По словам теоретиков грамматики, наречие есть выражение признаков, т. е. другими словами: наречие может относиться или к глаголу или к прилагательному. Но так как мы глубоко уверены, что тяга прилагательных к существительному очень велика и все усиливается, будем надеяться, что до тех пор пока наречие не исчезнет совершенно, оно может употребляться при существительном с неменьшим успехом, чем при прилагательном или глаголе. Скучно писать: скучно пишет, и гораздо сочнее: скучно писатель; однообразно и монотонно: поразительно красивый; и ярче: поразительно красота. Частично эта форма уже употребляется. Говорят, например, «он очень человек»; «он очень мужчина».

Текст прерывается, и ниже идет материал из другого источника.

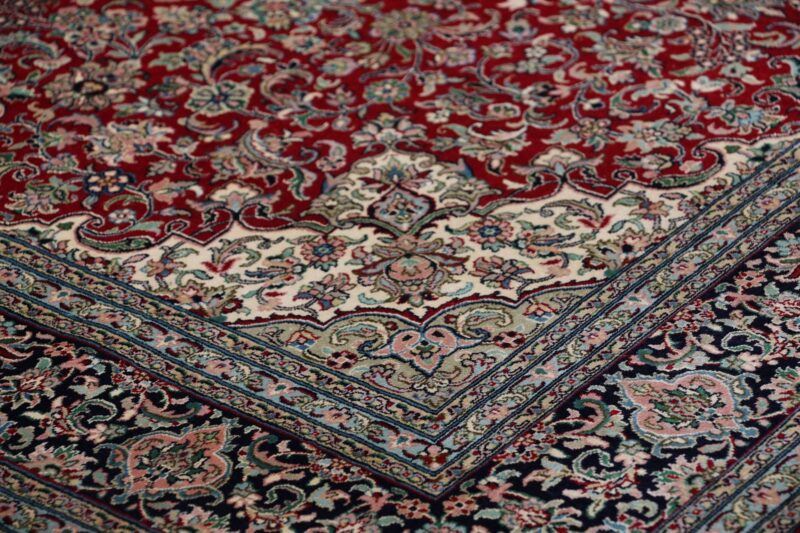 Kashmir Oriental Rug 154 × 226 cm, Silk, hand-knotted — view 5 Kashmir Oriental Rug 154 × 226 cm, Silk, hand-knotted — view 5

Времена глаголов неособенно твердо связаны грамматикой. Эта аграмматичность объясняется, ибо все надо объяснить, живостью речи! Характерное объяснение! Во имя этой живости речи сочетание: «иду я вчера по улице и смотрю», мы возводим в принцип. Долой согласованность времен! Долой согласованность лиц: «прикажи он, я бы исполнил», мы заменим, как правило, прикажите он, и я бы исполним! Или: я пойду вчера и наверное увидел!

Тысяча человек идет; тысяча человек идут — глагол не знает: кого ему слушаться. «Как поссорился Ив. Ив. с Ив. Ник.», на самом деле, читается «как поссорились». Все шатко! Все колеблется и лепится в форме трех измерений.

Народ иногда даже допускает полную асогласованность рода: каналья ушел, калика перехожая, судья неправедная. Почему же «для живости», «для образности» не мог я сказать: «огромная море»?

Необходимо создать формы: светаю, сплюсь, вечереешь, моросю, дремлешься, мне веселится, мне смеется, помощи не приходила.

Необходимо, наконец, создать причастие будущего по принципу: придущий, увидящий, прошумящий.

«Мое фамилье прошумящий веками» — вот образец аграмматической фразы подлинно поэтической речи.

Постепенно, благодаря отпаду глагола, неорганизованности, как принципа, образов стихи имажинистов будут напоминать, подобно строкам Сен-Поль Ру Великолепного, некий календарь или словарь образов. Этим не след смущаться, ибо лирический соус, такой привлекательный для барышень вербицко-северянинско-бальмонтовского стиля, не есть еще необходимый аксессуар поэзии. Я даже склонен думать, в ущерб своей личной оценке, что чем меньше лирики, как принципа, тем больше лиризма в образе.

Вот этими строками разрываю себя и все написанное до сих пор мной и кидаю в небытие. Потому что, не помышляя о новой Америке, вижу, как по течению признания заплываю в затон смысла и «глубоких идей».

Ныне ищется новый сплав поэтических строк; ясно, что последовательность, периодичность, согласованность и архитектура здания в провал обращены. Ослепительная пустота на месте всех определений; углубленно-осмысленный нуль на месте всех завоеваний, и вот уже скоро, устав от барабанного зова исканий, слабые духом провозгласят новый возврат к интимному тихому песнопению.

Когда на морозе тронуть пальцем замерзшее железо, — оно обжигает; также легко спутать регресс с прогрессом, также легко поддаться на удочку возвращения к реставрированной надсоновщине, которое мы наблюдаем теперь. Волки волчий облик потеряли и гаер-арлекин снова начинает балахониться под Пьерро.

Надо меньше знать! — вот принцип подлинного поэта-мастера. Или, вернее: надо знать только то, что надо знать.

От современной поэзии нет ожогов, есть только приятная теплота. Эта теплота должна перейти в жар. Для этого надо вырвать философию, соблазняющую нас. Надо перейти к огню образов. Надо помнить трехмерность слов, надо освободить слово, надо уничтожить грамматику.

Так подбираю я вожжи растрепавшихся мыслей и мчу в никуда свой шарлатанский шарабан.

Вадим Шершеневич

Февраль, 1920. 2 x 2 = 5. «Листы имажиниста». М., 1920.